Muldoon squinted and frowned. “Is that a pile of dog shite?”
“And this,” she said, tapping the next photo.
“A button,” he said. “Which proves what?”
“You found Esme and Sinead locked in that shed Friday morning. Sinead is housebroken. She’ll whine and scratch and bark when she needs to go out to take care of business. I think that poop proves they’d been in the toolshed for hours and hours. Maybe overnight.”
“Hmm. And the button?”
“Geoffrey Rossington was wearing a Harris Tweed jacket when he came to see me today. It was an old one, probably expensive when he bought it new. And I bet, if you look at that jacket, you’ll find a button missing, probably from the sleeve.”
Muldoon sat back in his chair. “I was over at the hospital questioning Reggie again when you called earlier. And the reason I went to speak to him is that the coroner called me first thing this morning to tell me that they found poison in Esme’s bloodstream and her stomach. Rat poison it was.”
Maeve’s eyes widened. “She was poisoned and strangled?”
“Curiouser and curiouser,” Muldoon said.
“I sat down and had a nice chat with Reggie just now. Still insisting he never put his hands on Esme. He admits he was furious with her after their last falling-out. For years she’d been taking advantage of him, paying him nuthin’, insinuating he would inherit the cottage when she was gone.
And then you and your sister turn up and everything changes.
She kicks him out of his squat, and then he overhears Esme on the phone talking to McCracken, telling him she wants to make arrangements to change her will.
This time he knows things are different, and desperate times call for desperate actions. ”
“He poisoned her?”
“He claims he just wanted her to get sick enough that she’d call him to take care of her. Realize how invaluable he was to her. So he tips a little rat poison in her glass of gin. Maybe some more in her morning coffee. And at first she did feel poorly, but then she perked back up.”
“Rat poison,” Maeve repeated. “I’d think any amount of it would kill you.”
“Reggie’s not exactly a scientist, is he now? With Esme hanging on, he decided the better solution to his problem would be to scare off the Americans.”
“By slashing the tires on our rental car and trying to run us over.”
“The poor bugger could do nuthin’ right,” Muldoon said, chuckling. “It’s almost comic.”
“What was he doing at Esme’s house on Friday morning?

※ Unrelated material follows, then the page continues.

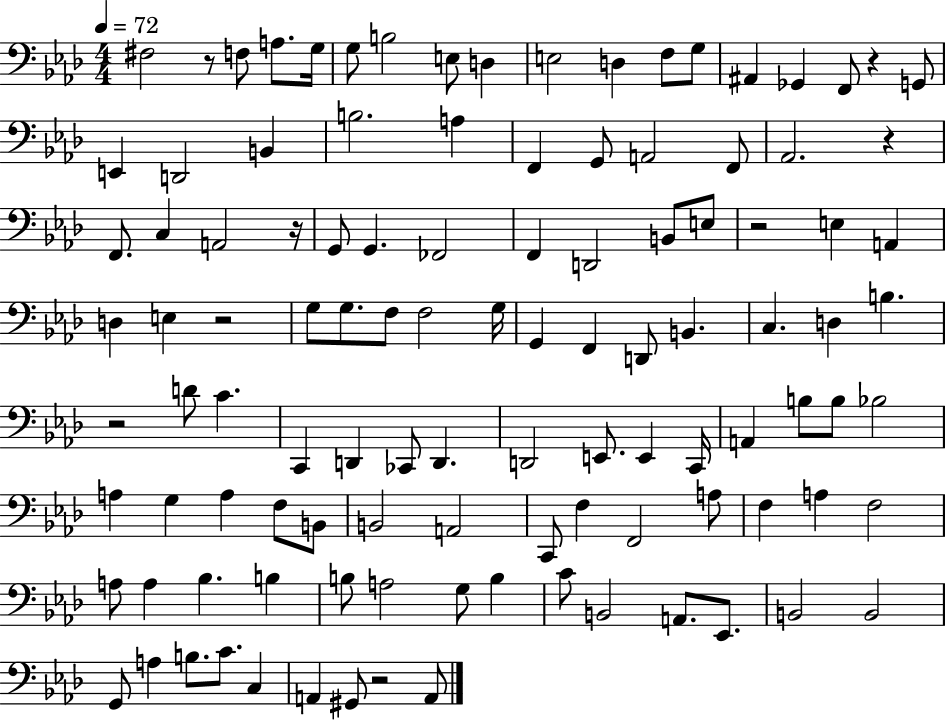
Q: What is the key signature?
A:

When he attacked me?”
“Here’s where Reggie’s story goes off the rails,” the cop said.
“He says he went to the gardener’s cottage to pack up some belongings he’d left in the toolshed.

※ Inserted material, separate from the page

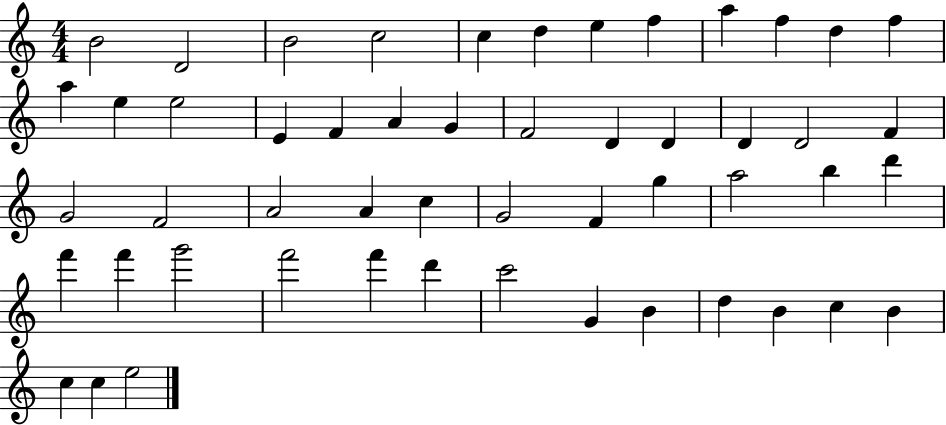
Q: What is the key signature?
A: C major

Perfectly innocent. But when he got there, the shed was locked.
He went to the house and there was no sign of Esme.
He had himself a sit in the kitchen, waiting on her. Maybe he had some drinks too. Maybe?”
Muldoon slapped himself in the head to demonstrate his disbelief.

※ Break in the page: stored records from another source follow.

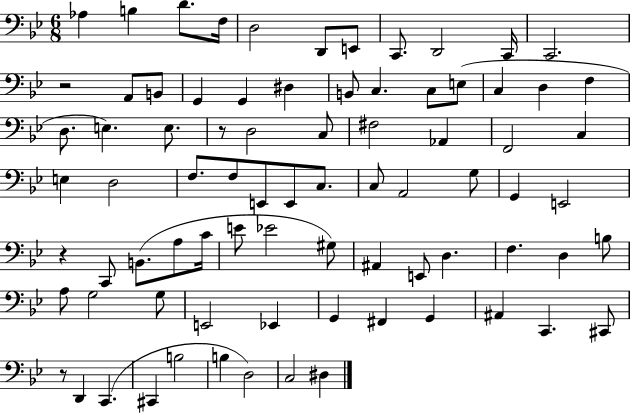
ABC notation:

X:1
T:Untitled
M:6/8
L:1/4
K:Bb
_A, B, D/2 F,/4 D,2 D,,/2 E,,/2 C,,/2 D,,2 C,,/4 C,,2 z2 A,,/2 B,,/2 G,, G,, ^D, B,,/2 C, C,/2 E,/2 C, D, F, D,/2 E, E,/2 z/2 D,2 C,/2 ^F,2 _A,, F,,2 C, E, D,2 F,/2 F,/2 E,,/2 E,,/2 C,/2 C,/2 A,,2 G,/2 G,, E,,2 z C,,/2 B,,/2 A,/2 C/4 E/2 _E2 ^G,/2 ^A,, E,,/2 D, F, D, B,/2 A,/2 G,2 G,/2 E,,2 _E,, G,, ^F,, G,, ^A,, C,, ^C,,/2 z/2 D,, C,, ^C,, B,2 B, D,2 C,2 ^D,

“At the hospital his blood alcohol was high enough to put the whole village in a stupor. Now Reggie’s properly gassed.
So he decides maybe he’ll help himself to a few things.
Nuthin’ Esme would ever miss. He’s gathering up the goods and he hears you, in the front room.
His story is that you attacked him, and his only recourse was to strike back. ”
“Preposterous,” Maeve said. She rolled up her right sleeve to show the cop the scabbed-over place on her arm where Reggie’s knife had sliced her. “I didn’t do this to myself.”
“I know ya didn’t,” Muldoon said. “As well as being a stupid lunk and a drunk and a petty thief, the man is a terrible liar. A master criminal he is not.”
“What happens now?” Maeve asked.
“Do you happen to know where Rossington has been staying?” he asked.
“I only know he’s not at the inn,” Maeve said. “But I hear he’s driving a Rolls-Royce. Shouldn’t be too hard to spot in this part of the country, right?”
“He can’t have gone far,” Muldoon said. “If he’s talking about hiring a solicitor and taking you to court over Esme’s will he must be in the vicinity. We’ll find him.”